Druid Kafka Indexing Service: 'Preselect' data depending on value of field/row/dimension


Imagine there is a Kafka topic with a field/dimension ‘country’. This field holds three different values: DE, AT and US.

Now my question is:
Is it possible to preselect data from kafka topic at ingestion time, depending on the value of ‘country’ and store it in different druid datasources?

I want to create three different ingestion specs, run three different kafka indexing supervisors and get three different druid datasources. (but all three reading data from ONE kafka topic)
Eg: my_datasource_AT, my_datasource_DE and my_datasource_US

Thanks, Alex

In general, message/event filtering at index time is not a feature provided by KIS (or other indexing methods). If you actually want to do this, you will need to create a front-end processor that streams your source kafka topic to separate country topics. Are you sure you have a compelling reason to not use a country filter at query time and use a single datasource?

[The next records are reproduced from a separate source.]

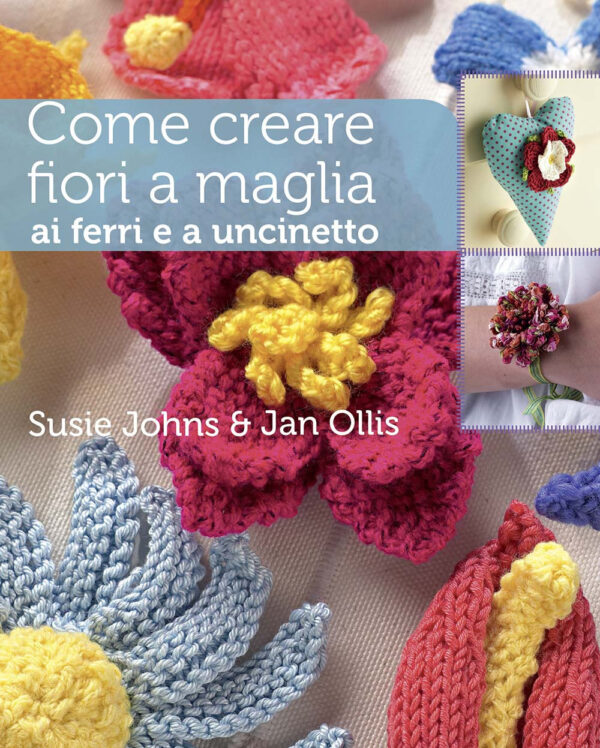 Libro Come creare fiori a maglia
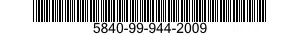 5840-99-944-2009  5840999442009 999442009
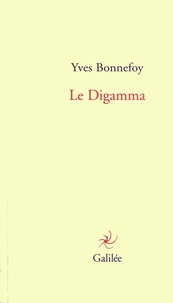 Yves Bonnefoy - Le Digamma.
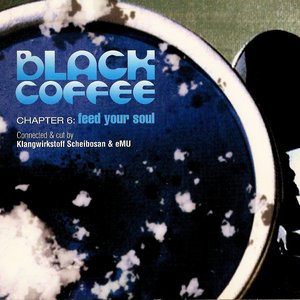 Blackcoffee chapter 6: feed your soul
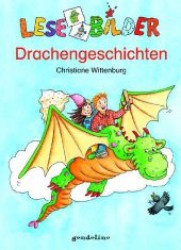 Drachengeschichten (Lesebilder) （2008. 43 S. m. farb. Illustr. 24,5 cm）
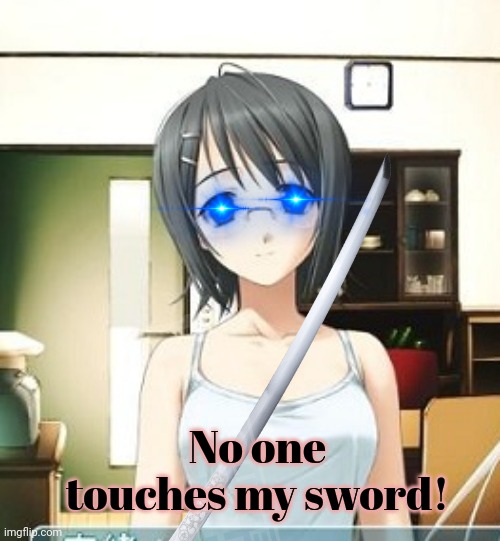 No one touches my sword! | made w/ Imgflip meme maker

at the moment we use a single datasource and filter results at query time. We also use SuperSet as a selfservice tool for our “customers” to visualize data.’
In reality we do not have this dimension ‘country’, we have something like ‘company’.

The problem is, that we want, or better we have to prevent that people vom company A are able to query data from company B or company C and so on…
Our first thoughts were, we could handle this with different datasources. As I understand, we have to handle this by creating seperate topics in kafka.

Regards, Alex